I’ve been practicing variations of #1, #3, #4, and #5 for years, without knowing anything about the agile approach. In the mid-1970s a group of us at Bell Labs developed the Programmer’s Workbench, which used the then-new UNIX system as a platform for developer tools for use by mainframe programmers. There was a huge debate at the start between a few developers who had just come off a big military project and wanted to formalize the requirements and a few, including me, who were much looser in how we approached software projects. We won.

So, when I learned about Agile methods, I was like the character in Moliere’s The Bourgeois Gentleman who discovered that he had “been speaking prose all my life, and didn’t even know it!”

The part of Agile I couldn’t ever get comfortable with, and still can’t, is the part that says that you only develop requirements one week at a time. Really? Yes, it’s true. The Agile intelligentsia have nothing but contempt for requirements.

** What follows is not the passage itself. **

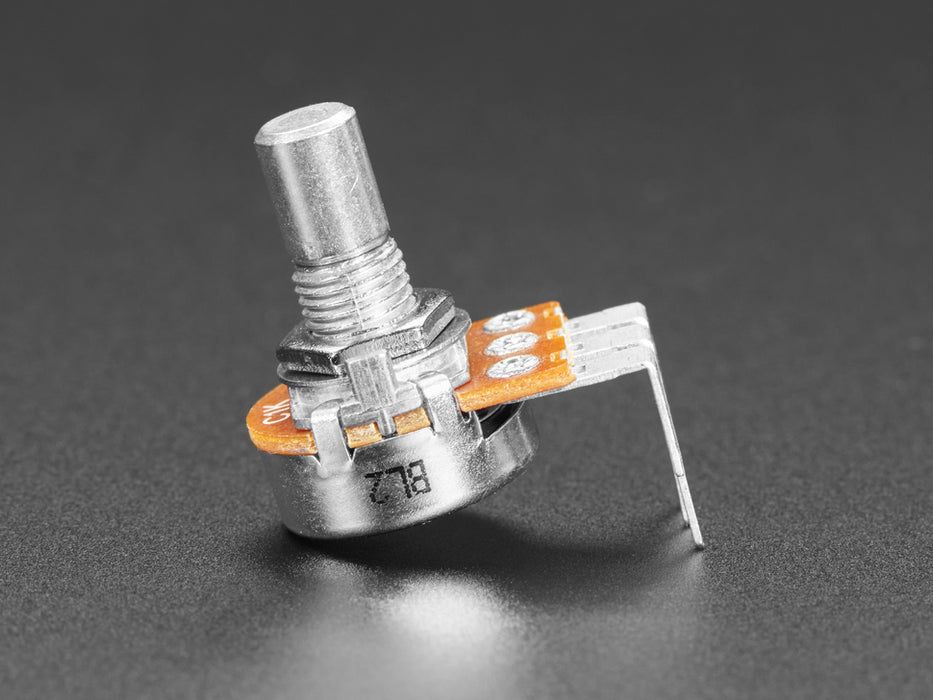 angled shot of rotary potentiometer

For example, in his book, The Agile Samurai, Jonathan Rasmusson says, “Whatever requirements you do gather are guaranteed to change.” Does he mean that if the CWA office tells me they need a list of topics submitted by participants in exactly the same format they’ve been using for years, the format for the list of topics is guaranteed to change? That the Richardson School District report card specification, approved by the school board, is guaranteed to change? That the supermarket checker shift schedule posted by hundreds of A&P, Kroger, and Safeway stores is guaranteed to change? No, those won’t change, and they should be documented at the start of the project along with everything else that’s known. They should be part of the initial planning, analysis, and design, before any coding begins.

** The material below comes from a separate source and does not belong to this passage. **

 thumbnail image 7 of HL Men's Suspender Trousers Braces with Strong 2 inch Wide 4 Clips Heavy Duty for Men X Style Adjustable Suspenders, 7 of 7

Here’s another: In the seminal book on Agile methods, Extreme Programming Explained: Embrace Change, Kent Beck says, “Out of the thousands of pages used to describe requirements, if you deliver the right 5, 10 or 20 percent, you will likely realize all of the business benefit envisioned for the whole system. So what were the other 80 percent? Not requirements—they weren’t mandatory or obligatory.” I can’t think of a single project in which delivering 20% of the requirements, or even 75%, would have been acceptable. What part of Rgrade could I have skipped? Listing all the students? Teacher logins? Entering grades? Allowing for teacher comments? Printing the report cards? No, I had to implement 100% of the requirements before the school district would deploy the system. SuperSked, being commercial software, maybe could have shipped with 90% of the requirements satisfied. The CWA database project, maybe also 90%, as we had already slimmed it down to the bare minimum for the first year, with the idea that next year we’d do more.

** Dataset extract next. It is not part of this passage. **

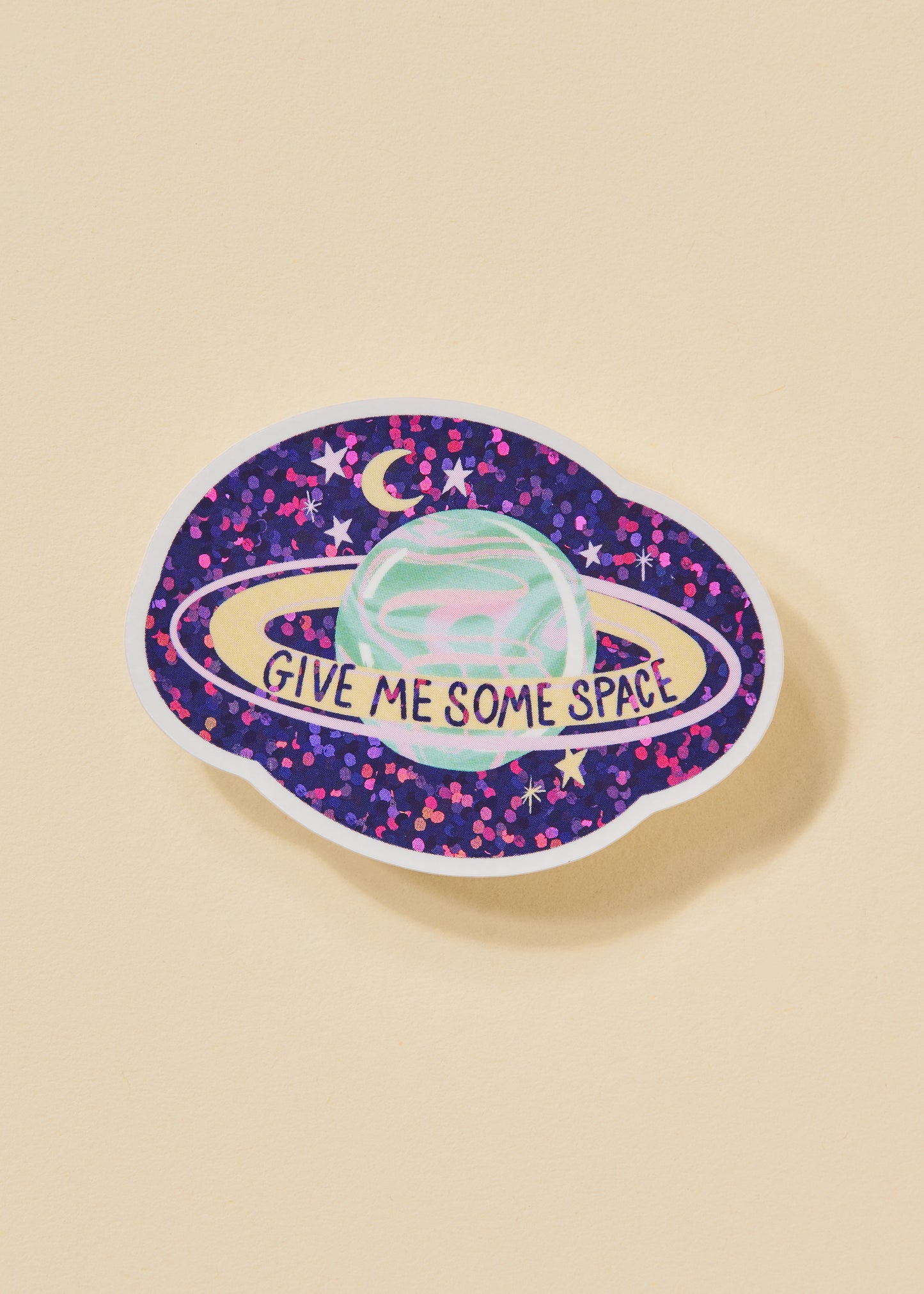 Give Me Some Space Glitter Sticker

So, when it comes to requirements, I think the Agile writers and consultants are either exaggerating for dramatic effect or they really do believe that this is how software projects ought to be run. If the latter, they’re flat out wrong.

Anyway, enough Agile bashing. I’ll just present my view of how you ought to deal with requirements if you’re using the Agile approach, and leave the job of sorting out the polemics for another time. (As I hope I’ve made clear, when it comes to customer communication, team communication, unit testing, continuous integration, and frequent delivery, the Agile guys are totally on the right track.)

Let’s do it with pictures. First, Figure 2-7 shows a strict waterfall sequence and Figure 2-8 shows Agile iterations.

9781430260073_Fig02-07.jpg

Figure 2-7. Waterfall project

9781430260073_Fig02-08.jpg

Figure 2-8. Agile project

There are some projects for which a strict waterfall approach might work, and very small, informal projects, such as the Arzano Ranch, which I described earlier, that are suitable for a strict Agile approach. Generally, though, none are appropriate: waterfall is much too rigid and idealistic, and Agile suffers from no overall plan. Without an overall plan, there’s no way to estimate a completion date or a budget, no way to come up with a coherent database design, and no way to leverage development by handling similar functions with generalized coding, unless the functions show up in the same iteration.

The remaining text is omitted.